Exercise material:
-- Opening Marker --
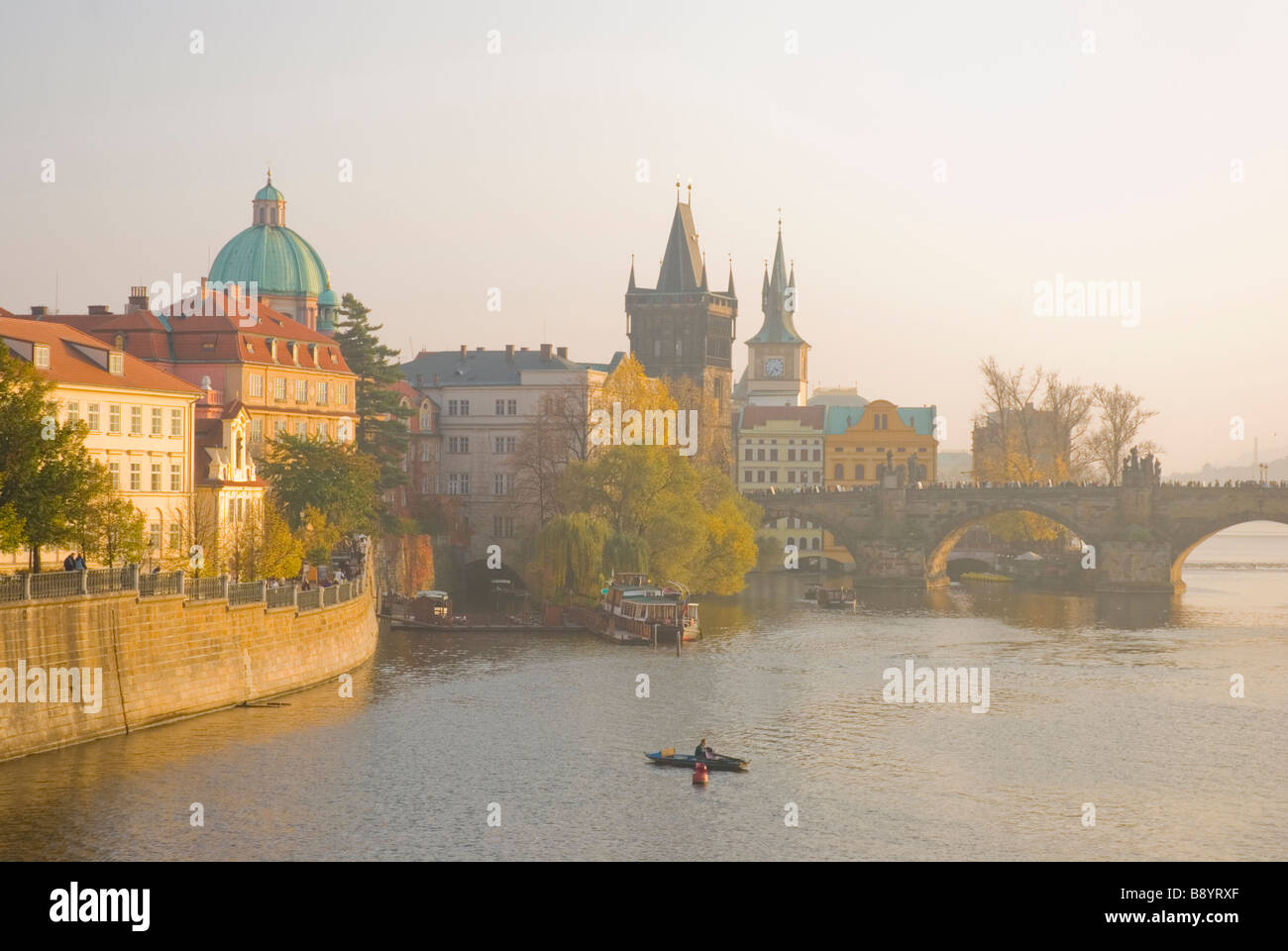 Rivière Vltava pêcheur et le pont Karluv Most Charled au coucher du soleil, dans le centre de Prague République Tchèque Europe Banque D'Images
-- Closing Marker --
-- Opening Marker --
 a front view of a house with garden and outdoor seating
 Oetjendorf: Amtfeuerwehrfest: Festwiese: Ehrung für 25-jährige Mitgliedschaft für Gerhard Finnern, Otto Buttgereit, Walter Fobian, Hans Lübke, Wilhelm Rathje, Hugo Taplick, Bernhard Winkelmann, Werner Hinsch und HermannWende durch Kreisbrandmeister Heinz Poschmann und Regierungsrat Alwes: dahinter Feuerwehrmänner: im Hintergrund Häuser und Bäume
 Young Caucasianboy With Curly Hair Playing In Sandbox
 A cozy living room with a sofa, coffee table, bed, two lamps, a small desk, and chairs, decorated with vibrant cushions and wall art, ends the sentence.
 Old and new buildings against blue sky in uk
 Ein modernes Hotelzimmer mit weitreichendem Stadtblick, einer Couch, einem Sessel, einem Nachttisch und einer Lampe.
-- Closing Marker --
-- Opening Marker --
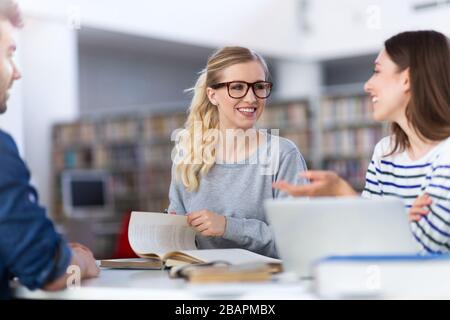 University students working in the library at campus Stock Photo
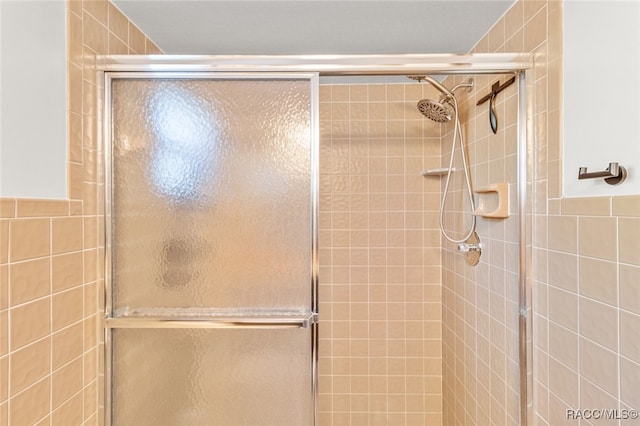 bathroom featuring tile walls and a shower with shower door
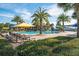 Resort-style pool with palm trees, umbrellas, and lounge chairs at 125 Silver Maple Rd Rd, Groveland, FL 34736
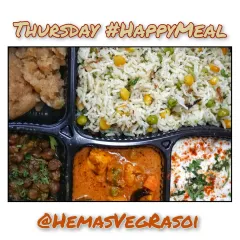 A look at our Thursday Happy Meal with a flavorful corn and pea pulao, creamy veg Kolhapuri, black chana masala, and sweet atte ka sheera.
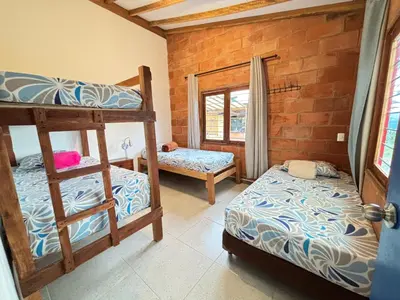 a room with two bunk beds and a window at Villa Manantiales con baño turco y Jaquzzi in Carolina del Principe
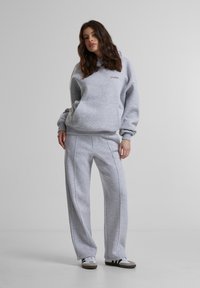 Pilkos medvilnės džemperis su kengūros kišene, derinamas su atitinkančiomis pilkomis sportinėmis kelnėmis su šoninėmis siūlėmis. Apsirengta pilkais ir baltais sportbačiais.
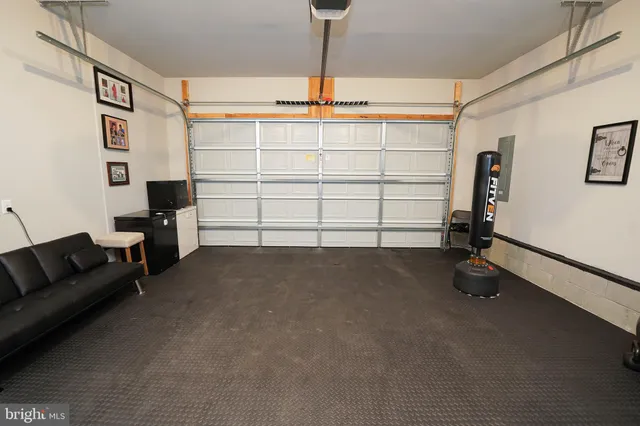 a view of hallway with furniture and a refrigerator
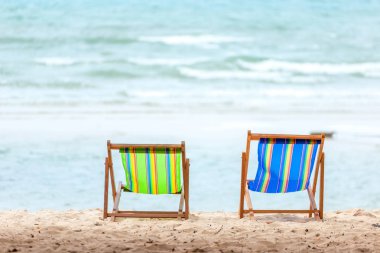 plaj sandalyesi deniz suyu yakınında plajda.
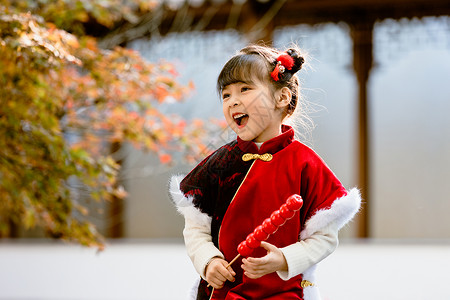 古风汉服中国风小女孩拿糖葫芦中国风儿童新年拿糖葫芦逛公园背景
-- Closing Marker --
Work to be completed:
When you reach the line holding "Old and new buildings against blue sky in uk" in the records above, begin reproducing exactly, stop after the line holding "Ein modernes Hotelzimmer", and output nothing else.

Reply to the exercise:
 Old and new buildings against blue sky in uk
 Ein modernes Hotelzimmer mit weitreichendem Stadtblick, einer Couch, einem Sessel, einem Nachttisch und einer Lampe.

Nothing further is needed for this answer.